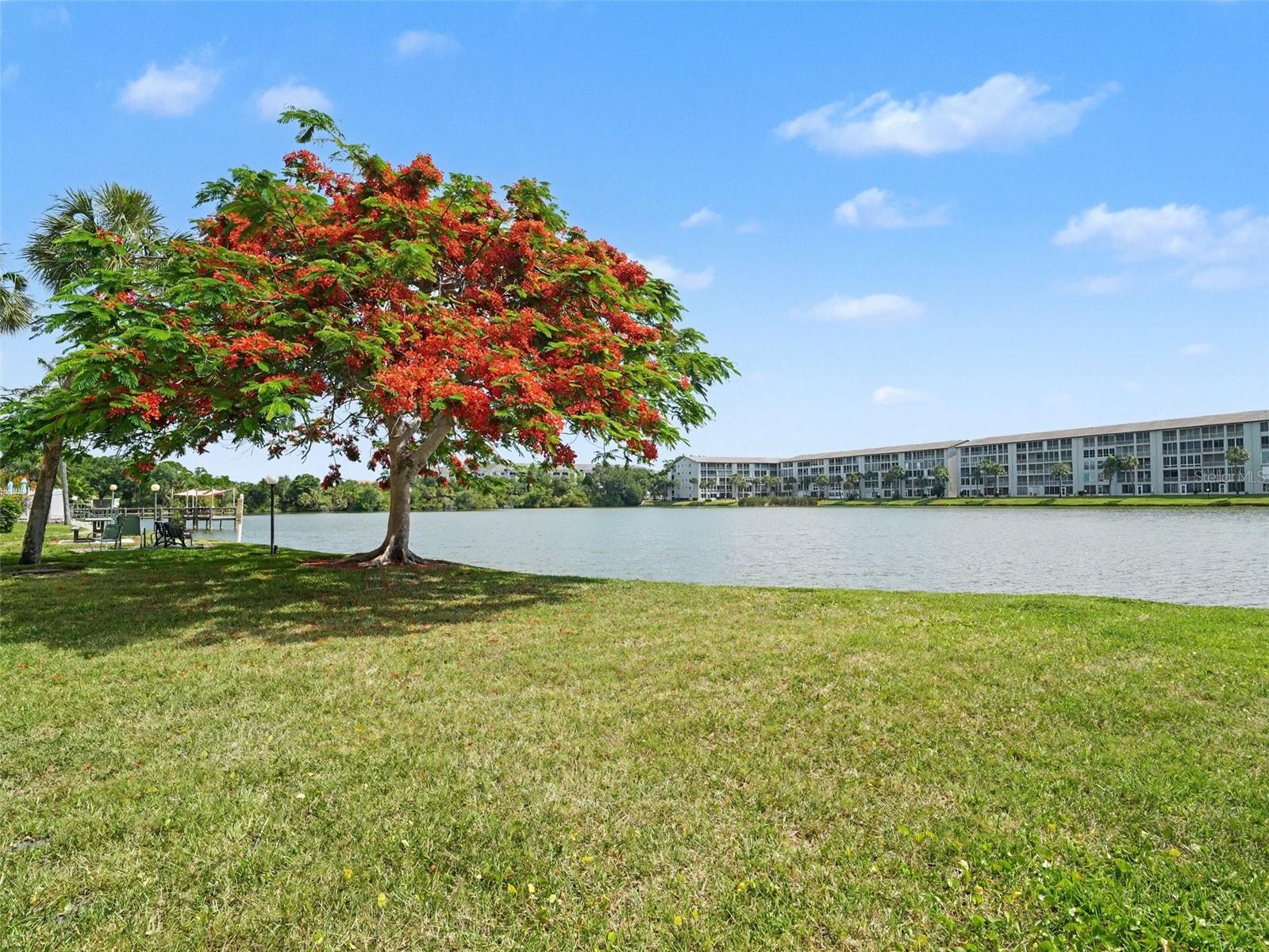 3801 LAKE BAYSHORE DR #H413 — photo 29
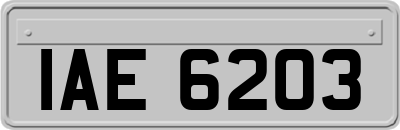IAE6203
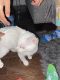 British Shorthair Cats for sale in Queens, NY, USA. price: $1,600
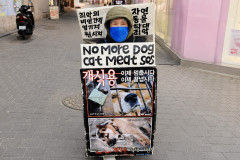 韓国で犬食禁止法が来年施行、食用目的で飼育されていた多くの犬の行方分からず―仏メディア
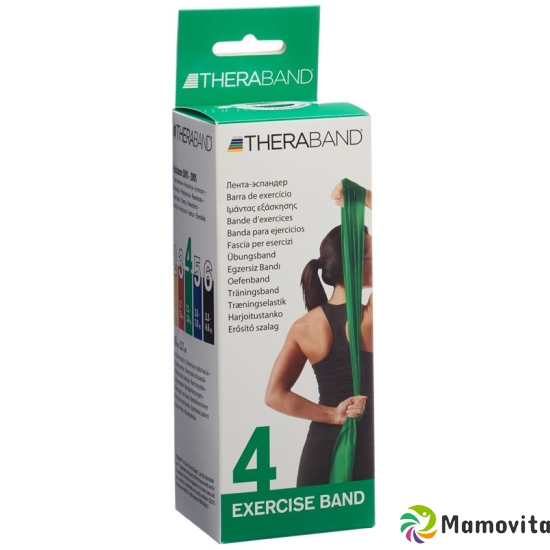 Theraband 2.5mx12.7cm green strong buy online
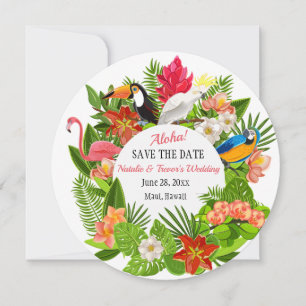Tropical Birds and Flowers Announcement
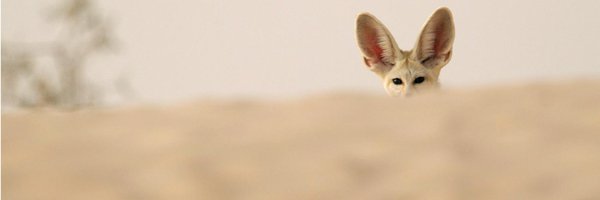 Fennec_Radar Profile Banner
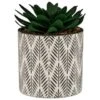 B&M Succulent In Botanist Print Pot - Green -Home Furnishings Store 380608 patterened pot with succulent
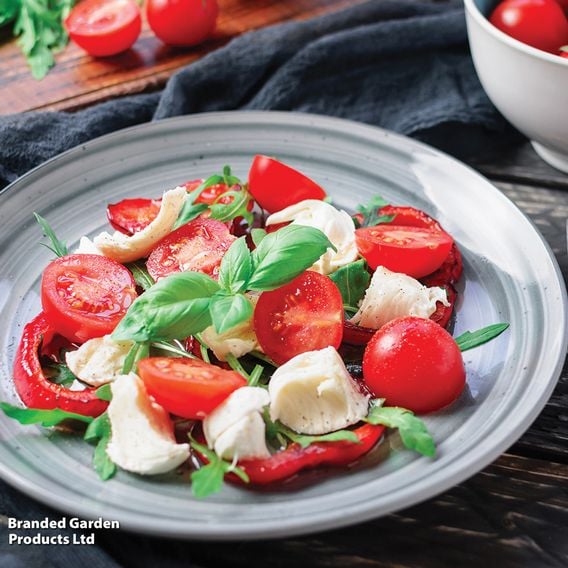 Basil 'Classico' - Organic Herb Seeds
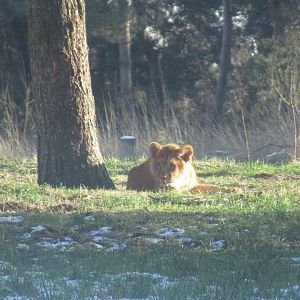 01 2024 - African Lion cub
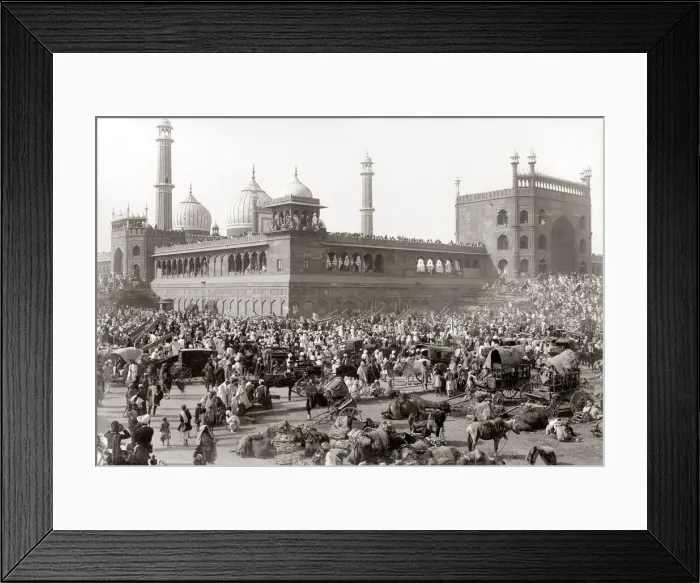 Framed Print : India ceremony related to Delhi Durbar - probably 1903 Framed Print : India ceremony related to Delhi Durbar - probably 1903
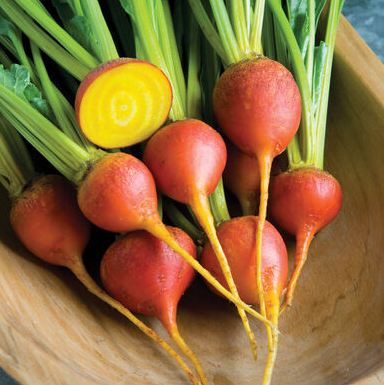 goldbeets.png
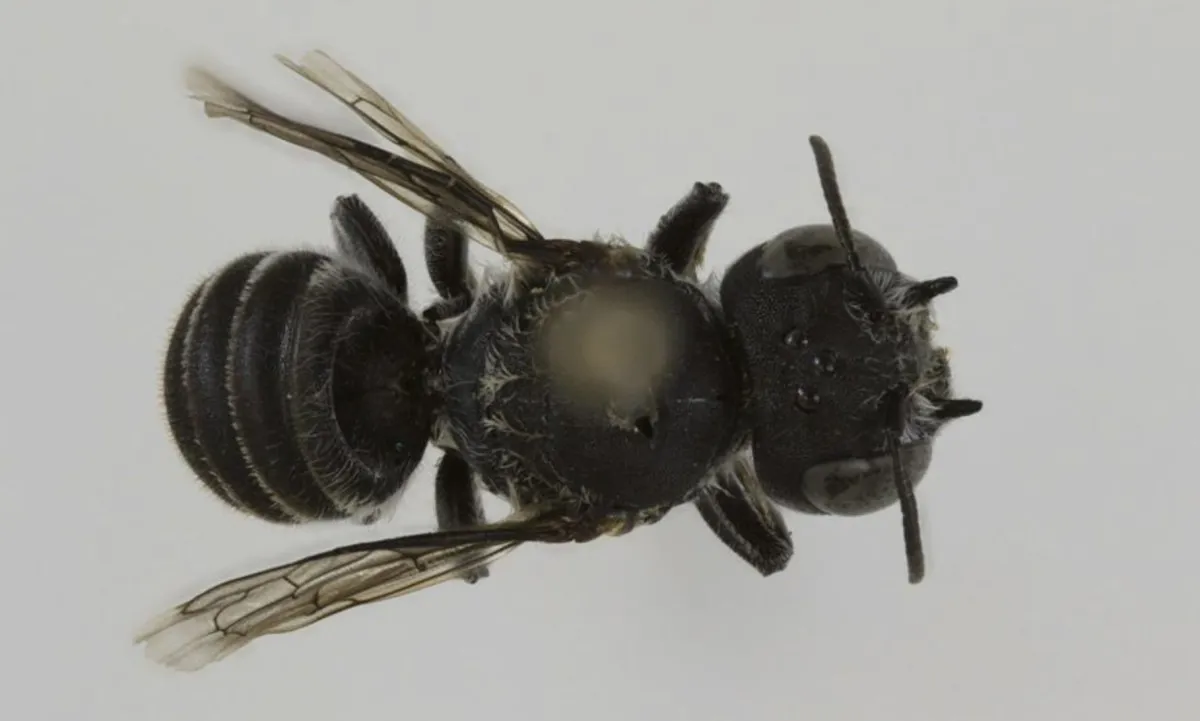 6912Da56D2050380 W1200Xh721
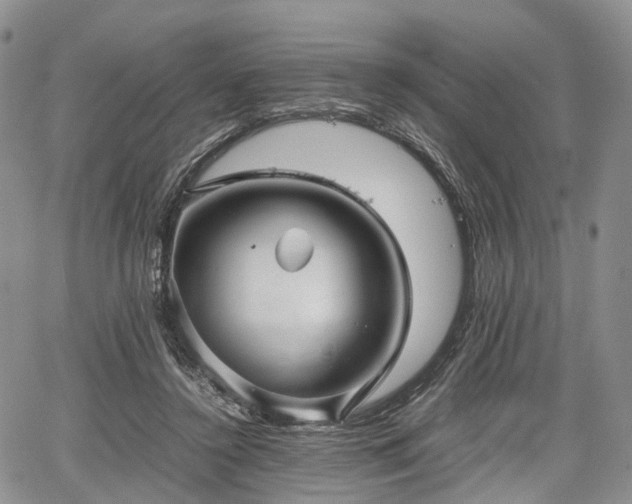 X0000067910356200604171344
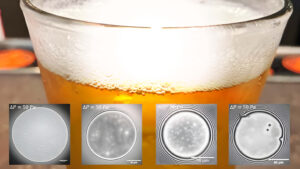 El Secreto de la Espuma de Cerveza Desvelado por la IA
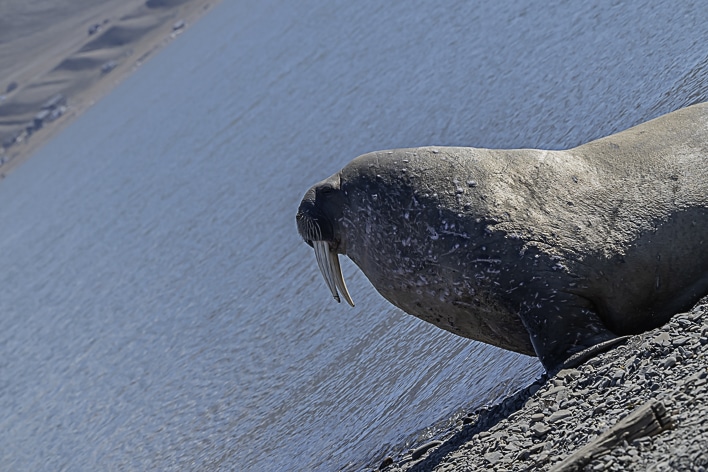 Morse - Svalbard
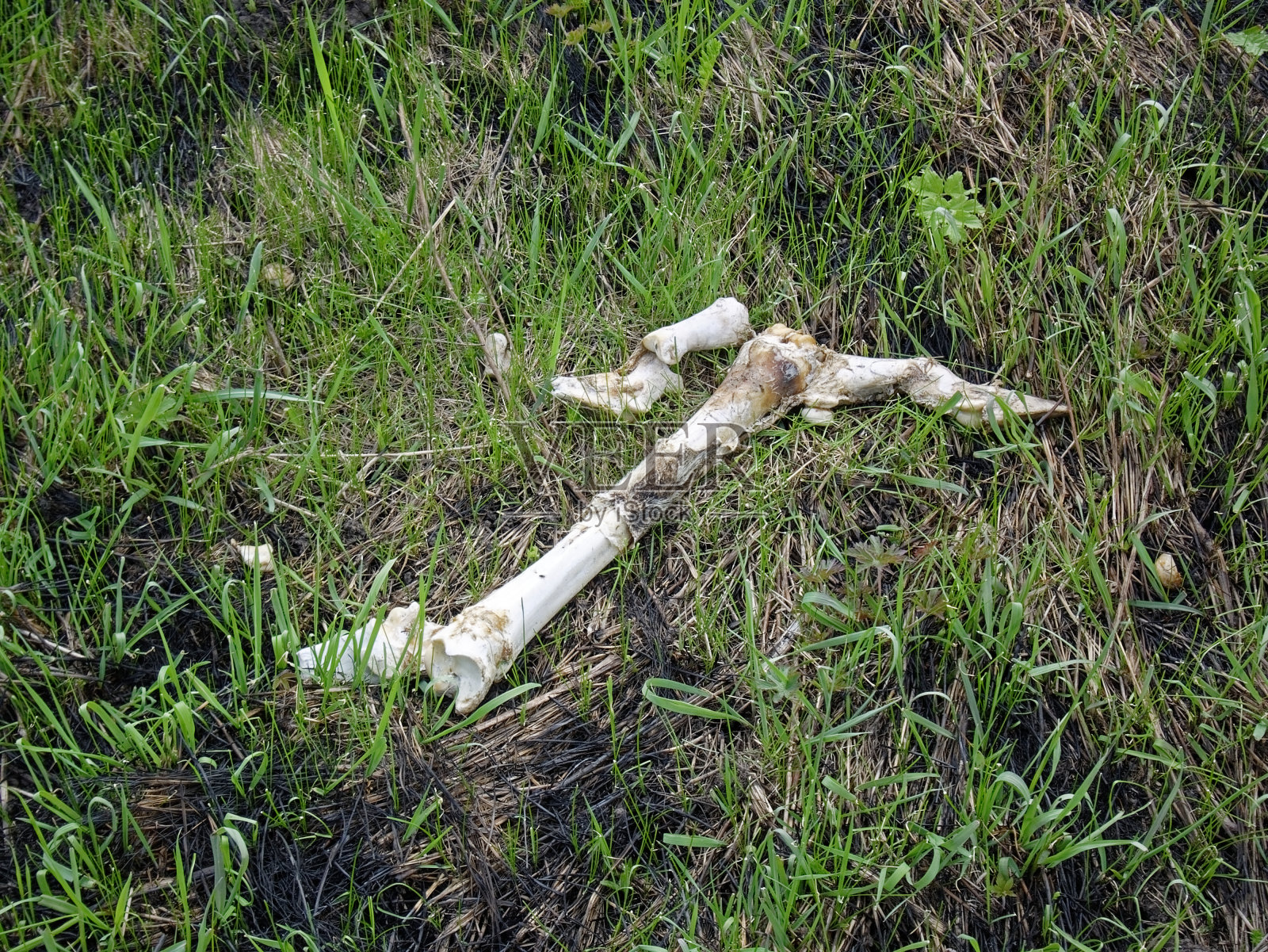 野生动物骨头在春天的草照片摄影图片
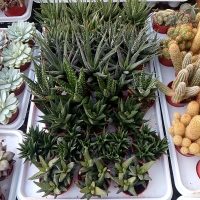 2.5" Haworthia Asst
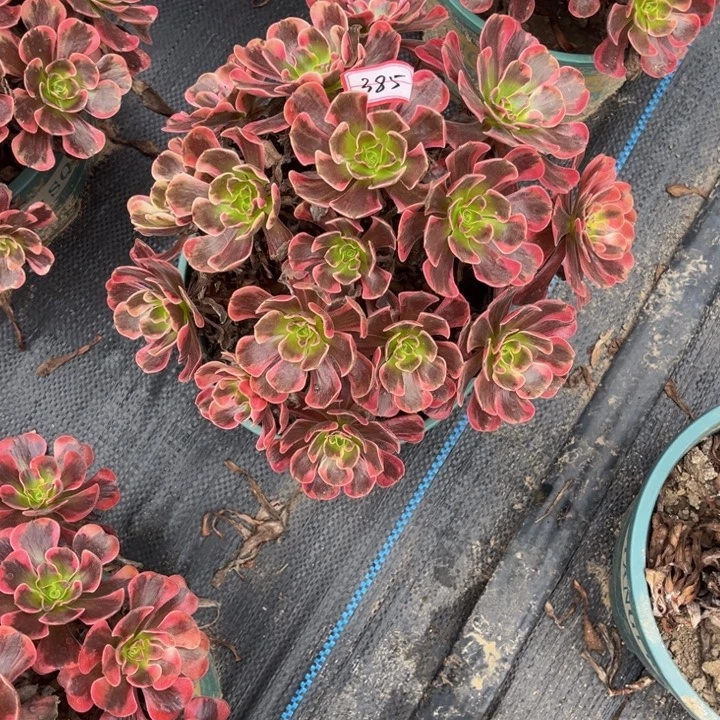 385爱神多肉植物法师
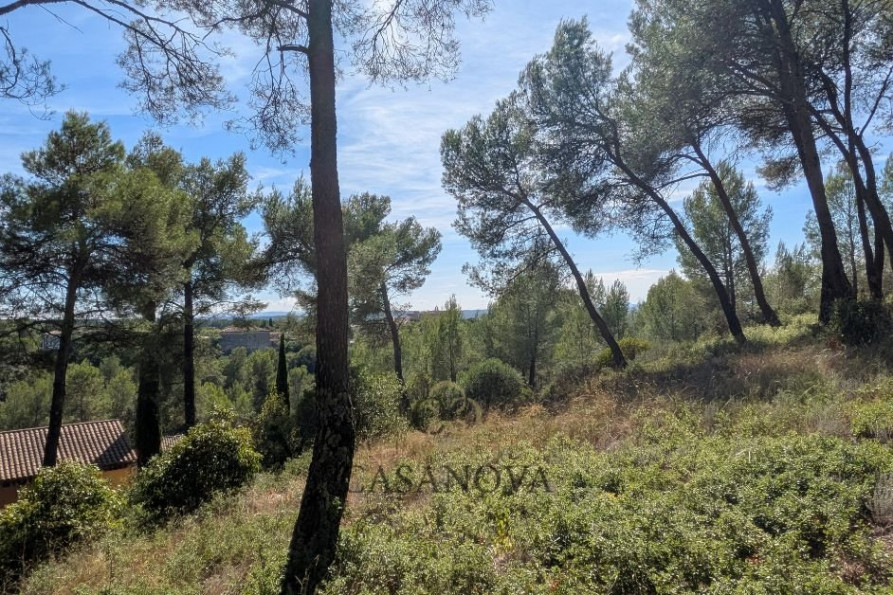 vente Maison Saint Vincent De Barbeyrargues - Photo 6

□ □ □ □

#### PROBLEM TO WORK ON:
Begin with the first line of the records and repeat every line up to the one with "01 2024 - African Lion cub", counting that line too. Pictures are not part of the copy.

#### EXERCISE SOLUTION:
 3801 LAKE BAYSHORE DR #H413 — photo 29
IAE6203
 British Shorthair Cats for sale in Queens, NY, USA. price: $1,600
 韓国で犬食禁止法が来年施行、食用目的で飼育されていた多くの犬の行方分からず―仏メディア
 Theraband 2.5mx12.7cm green strong buy online
Tropical Birds and Flowers Announcement
 Fennec_Radar Profile Banner
 B&M Succulent In Botanist Print Pot - Green -Home Furnishings Store 380608 patterened pot with succulent
 Basil 'Classico' - Organic Herb Seeds
 01 2024 - African Lion cub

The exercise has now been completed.